Other People’s Money (and Property)
Since its inception, the Show-Me Institute’s scholars have made a point of opposing “corporate welfare.” As pointed out in the institute’s statement concerning “corporate welfare” policy, “The Show-Me Institute develops policy recommendations to protect property rights and promote economic growth without caving in to demands for corporate welfare. Secure property rights encourage investment and entrepreneurship. Trying to create economic success through government intervention is a formula for failure.” With this philosophical underpinning, institute scholars such as Timothy Lee and myself have taken strong stands against governmental policies that allow the powerful and well-connected to secure subsidies and tax breaks that are not available to all, and have vigorously opposed the use of eminent domain to transfer property from one private owner to another.
In the ideal system, businesspeople would compete against each other on a level playing field, with their success or failure to be determined exclusively by those to whom they are marketing their products. This would mean that if an entrepreneur has an idea for a venture, they would either have to risk their own money by funding the project out of their own pocket, or they would have to generate seed money by convincing private investors that the prospects of success outweigh the potential for failure. If private investors don’t believe that the venture is likely to succeed, they won’t put their money at risk. On the other hand, if a few investors are willing to risk losses, they will be handsomely rewarded if the venture turns out to be successful. Thus, the risks of failure and the rewards of success are borne only by those who choose to participate in the venture.
Somewhere along the way, however, the government involved itself in the process. It began offering to subsidize certain ventures or even entire industries utilizing tax dollars, so that people managing subsidized businesses no longer had to persuade as many private individuals to put their own funds at risk. This is a negative development, for several reasons:
First, it gives an unfair competitive advantage to business owners who have the money or connections to influence those public officials who decide such matters. Receiving a subsidy may have less to do with the entrepreneurial merit of a proposal than with the number of elected officials with whom the businessperson has influence.
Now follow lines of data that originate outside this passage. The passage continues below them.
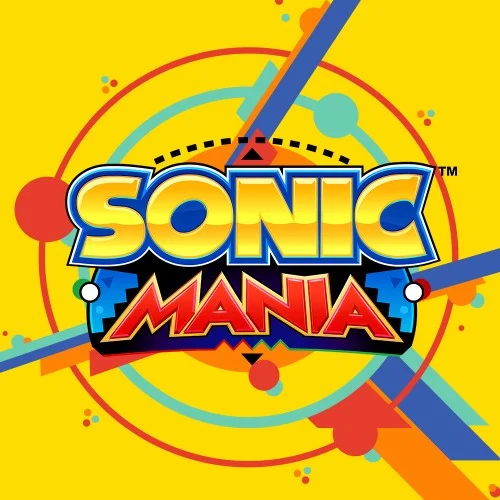 Jaquette du jeu Sonic Mania sur Nintendo Switch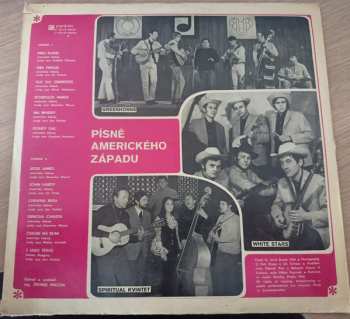 LP Spirituál Kvintet: Písně Amerického Západu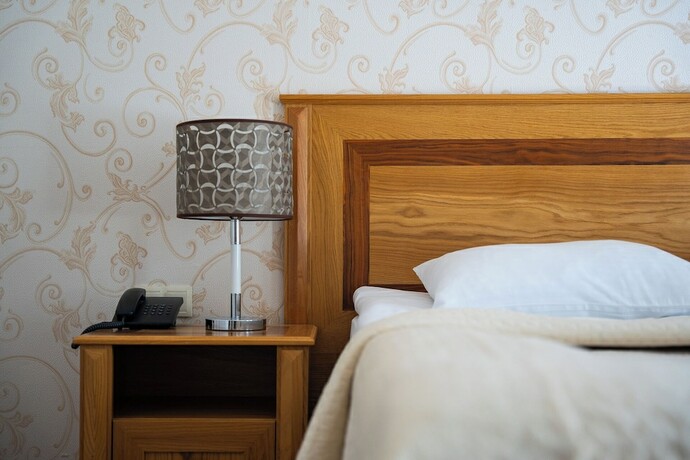 Imagen de la habitación del Hotel Sno Kazbegi. Foto 20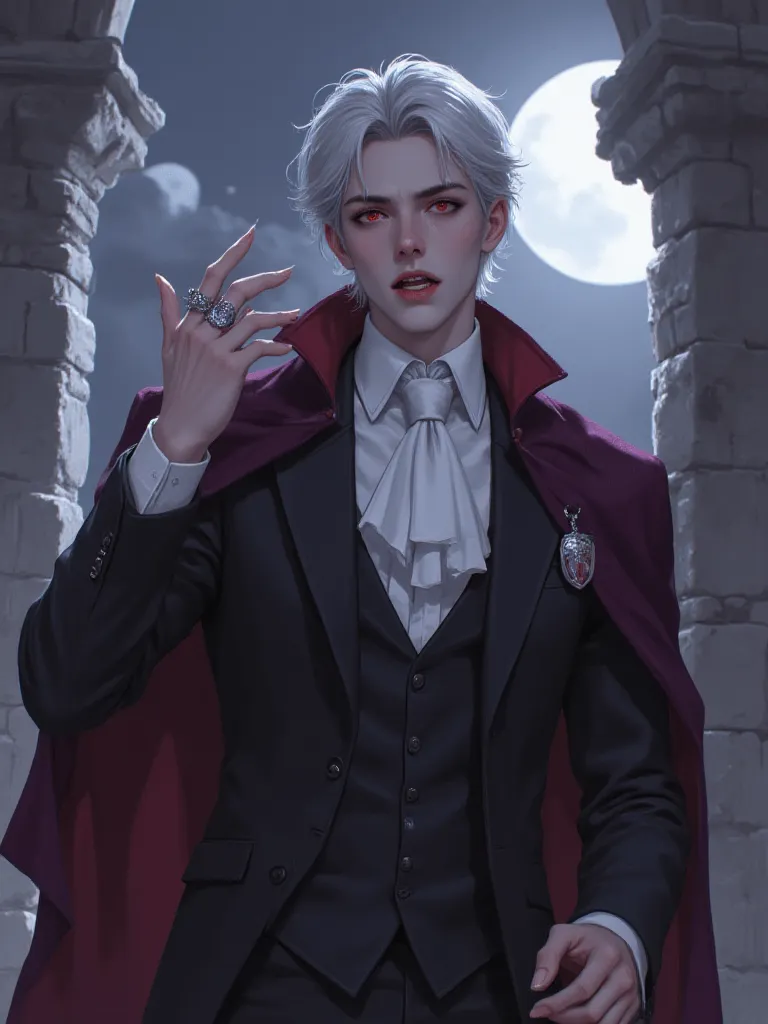 Thumbnail of Lysander Volkov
Second, it assumes that politicians will be adept at distinguishing ventures that will succeed from ventures likely to fail a challenge even for experienced businessmen, much less for elected officials who may have no clue about how to make such evaluations (Ballpark Village, anyone? Sunset Hills?).
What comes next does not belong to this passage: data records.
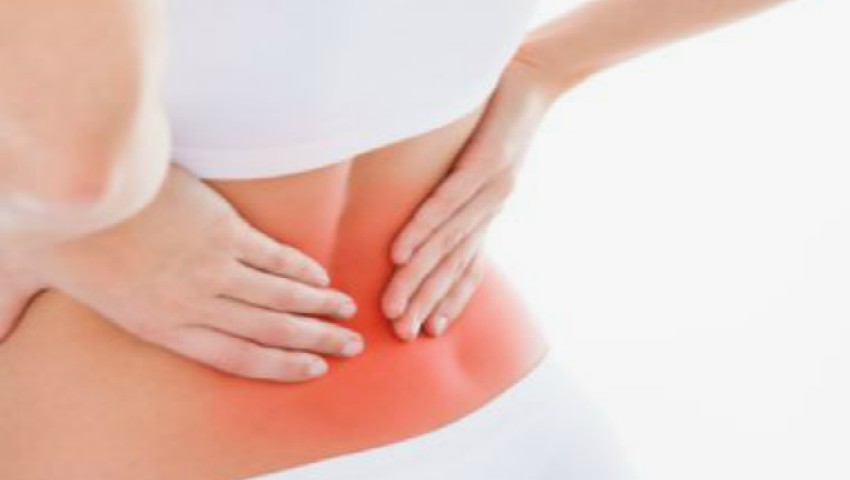 dureri de spate in zona rinichilor tratament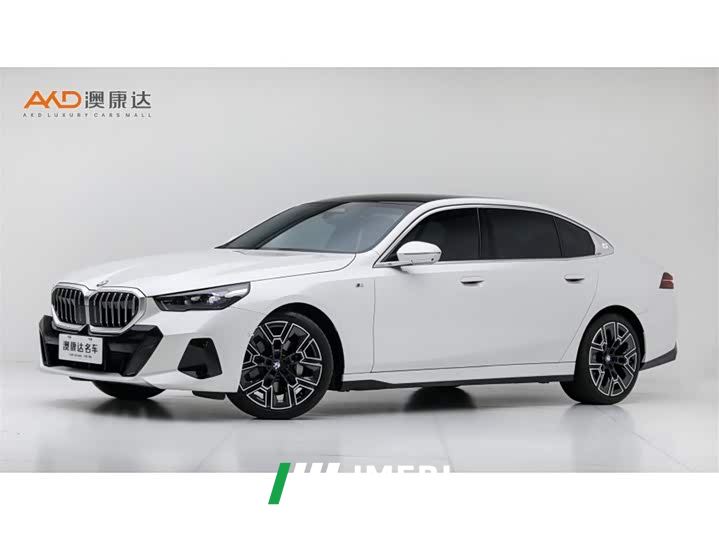 BMW 5 Series 530Li Luxury M Sport Package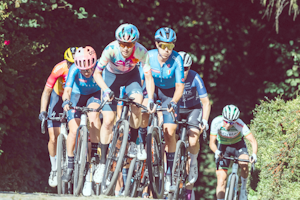 Forests of Brabant ready to welcome the 2024 Bolero UCI Gravel World Championships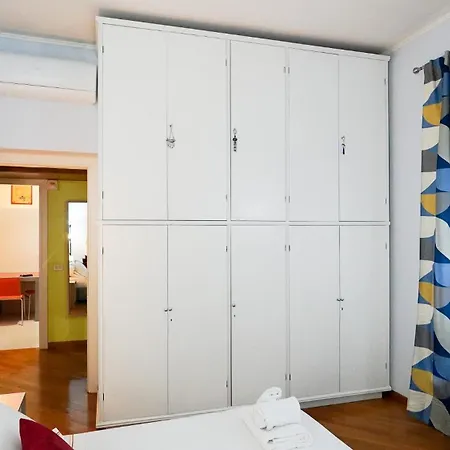 شقة La Casa Che Vorrei *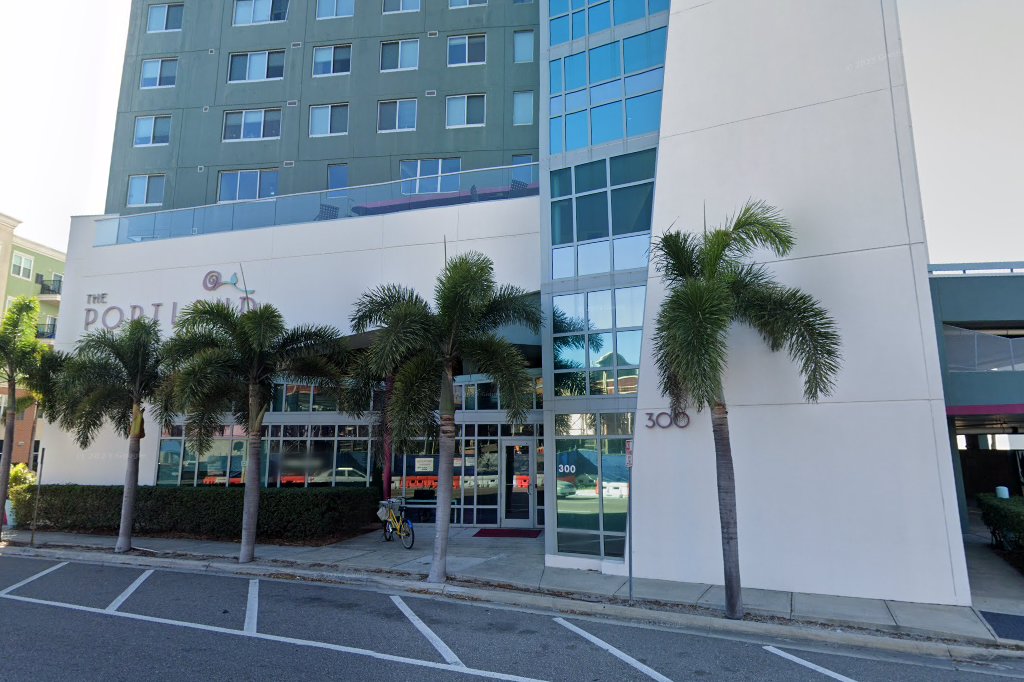 The Portland Apartments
And, third, it gives both government officials and private developers a license to gamble with other people’s money and/or private property in what they perceive as a low-risk, high-reward situation. If a subsidized venture fails, developers are insulated from the risk because they will lose far less, financially, than they would have without the subsidy. Similarly, a politician might face some political backlash from a failed venture, but the politician can always deflect blame toward someone else. The politician won’t suffer any personal financial loss, and it is not very common for politicians to be voted out of office following such fiascos. On the other hand, if a venture is successful, the developer will personally realize enormous financial gains, despite their lessened personal investment, while the politician will claim credit for its success and may be able to parlay his role into a profitable or influential position once he has left office. As far as taxpayers are concerned, even if a subsidized venture succeeds, the government itself will reap the financial benefit rather than the individual taxpayers from whom the funds were obtained.
Despite these downsides, governments continue to insert themselves into the world of economic development and these policies only spur more demands for governmental handouts. Just last week, we saw the unveiling of a proposal that, if successful, would completely reshape a gigantic swath of North St. Louis. In accordance with the incentives created by these policies, the developer’s plan calls for a massive commitment of taxpayer dollars, the creation of a TIF district, and the use of eminent domain to accomplish the developer’s vision. The General Assembly has already played a role by approving a $95 million tax credit that will assist the developer, and this developer is now pursuing a hefty chunk of federal stimulus funds, as well as support from local officials for the potential use of eminent domain in pursuit of the project. Thus, the policies that our government officials have created are fueling ongoing misuse of governmental authority and taxpayer funds, all of which works to the detriment of both ordinary citizens and market participants who believe it would be wrong to take advantage of these flawed incentives.
It doesn’t have to be this way. Redevelopment can and does happen without corporate welfare and eminent domain abuse. My hope is that, as government officials and developers continue to consider the plan to redevelop North St. Louis, they will consider alternative approaches that will respect the rights of other citizens. Rather than committing public funds and tax credits, city and state officials who believe in the plan’s promise could work with the developer to identify private investors who are willing to invest in his vision. Instead of pursuing eminent domain, the developer should present offers that will entice local residents to part willingly with their homes and businesses or, alternatively, he should figure out how to incorporate the remaining homes and businesses, intact, into his larger plan. If the North St. Louis redevelopment plan is as promising as its proponents suggest, it can and should be accomplished without resorting to corporate welfare or sacrificing citizens’ property rights.